Je ne sais pas de quelle époque exactement date le livre de classe, mais je crois qu’il n’y en eut guère avant le XVIIe siècle, encore sont-ils à ce moment fort rares. Ni Montaigne ni aucun des humanistes qui surent si bien le latin ne l’apprirent dans de rebutants De Viris. Laissons Montaigne qui le parlait, avant même de savoir le lire. Comment le commun des enfants s’instruisait-il, et quels livres leur mettait-on dans les mains dès qu’ils avaient appris le rudiment sur les lèvres de leurs maîtres ? Tout simplement les éditions courantes destinées aux érudits et aux lettrés. Quand il était nécessaire, le maître établissait lui-même les notes et les remarques de vive voix. Ainsi, l’enfant entrait directement en contact avec les auteurs, s’imprégnait de leur langue et de leur esprit, luttait avec les passages difficiles, apprenait peut-être peu de choses, mais les apprenait profondément. Ce sont peut-être les Jésuites qui imaginèrent de faire pour les écoliers des éditions spéciales soigneusement expurgées et dont le type est resté cette fameuse collection ad usum Delphini, mais cela ne touchait pas absolument à l’intégralité littéraire du texte et on épargnait encore aux enfants l’horreur de ces morceaux choisis, où, pour mettre un peu de tout, on réduit en miettes les plus beaux livres. Ce serait une longue histoire que celle des livres de classe, qu’il suffise de dire qu’on les a, au cours du siècle dernier, perfectionnés à un degré presque ridicule. En même temps, comme par hasard, le niveau des études baissait constamment.
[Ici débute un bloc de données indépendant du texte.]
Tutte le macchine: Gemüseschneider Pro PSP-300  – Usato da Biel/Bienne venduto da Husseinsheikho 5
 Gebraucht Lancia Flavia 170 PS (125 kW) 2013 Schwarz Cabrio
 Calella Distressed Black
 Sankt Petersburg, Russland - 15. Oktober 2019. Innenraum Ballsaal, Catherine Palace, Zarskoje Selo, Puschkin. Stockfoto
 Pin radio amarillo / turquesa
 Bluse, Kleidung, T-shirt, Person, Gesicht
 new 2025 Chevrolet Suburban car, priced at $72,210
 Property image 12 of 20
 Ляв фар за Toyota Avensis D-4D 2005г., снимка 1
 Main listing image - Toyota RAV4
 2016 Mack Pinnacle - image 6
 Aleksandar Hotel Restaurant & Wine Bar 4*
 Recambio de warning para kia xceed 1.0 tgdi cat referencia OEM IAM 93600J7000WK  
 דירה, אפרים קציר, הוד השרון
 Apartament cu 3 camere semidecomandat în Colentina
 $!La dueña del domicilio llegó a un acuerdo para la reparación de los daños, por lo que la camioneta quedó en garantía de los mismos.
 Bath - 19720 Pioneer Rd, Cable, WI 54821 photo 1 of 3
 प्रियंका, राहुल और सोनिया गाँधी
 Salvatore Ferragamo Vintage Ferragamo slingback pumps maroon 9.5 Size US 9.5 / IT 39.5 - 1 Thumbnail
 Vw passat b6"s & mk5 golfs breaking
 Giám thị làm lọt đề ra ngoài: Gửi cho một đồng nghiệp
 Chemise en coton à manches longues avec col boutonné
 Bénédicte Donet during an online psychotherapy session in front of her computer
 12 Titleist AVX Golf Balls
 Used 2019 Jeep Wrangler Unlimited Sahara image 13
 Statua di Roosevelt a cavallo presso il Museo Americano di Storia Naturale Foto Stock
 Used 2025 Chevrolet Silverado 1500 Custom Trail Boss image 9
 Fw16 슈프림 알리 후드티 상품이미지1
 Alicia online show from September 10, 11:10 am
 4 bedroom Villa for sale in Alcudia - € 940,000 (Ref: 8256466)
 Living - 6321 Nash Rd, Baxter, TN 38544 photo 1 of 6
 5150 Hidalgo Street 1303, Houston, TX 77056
Jadis, avec rien, un livre plein de fautes d’impression, un maître bougon, souvent brutal, un enfant apprenait le latin, par exemple, à la perfection. Maintenant, avec des maîtres charmants, des livres admirables, il passe huit ou dix ans à ne rien retenir. Je crois qu’un jour viendra où on prohibera le livre de classe, comme la plus dangereuse et la plus odieuse béquille scolaire qui ait jamais été imaginée pour enseigner aux enfants l’art de ne rien faire.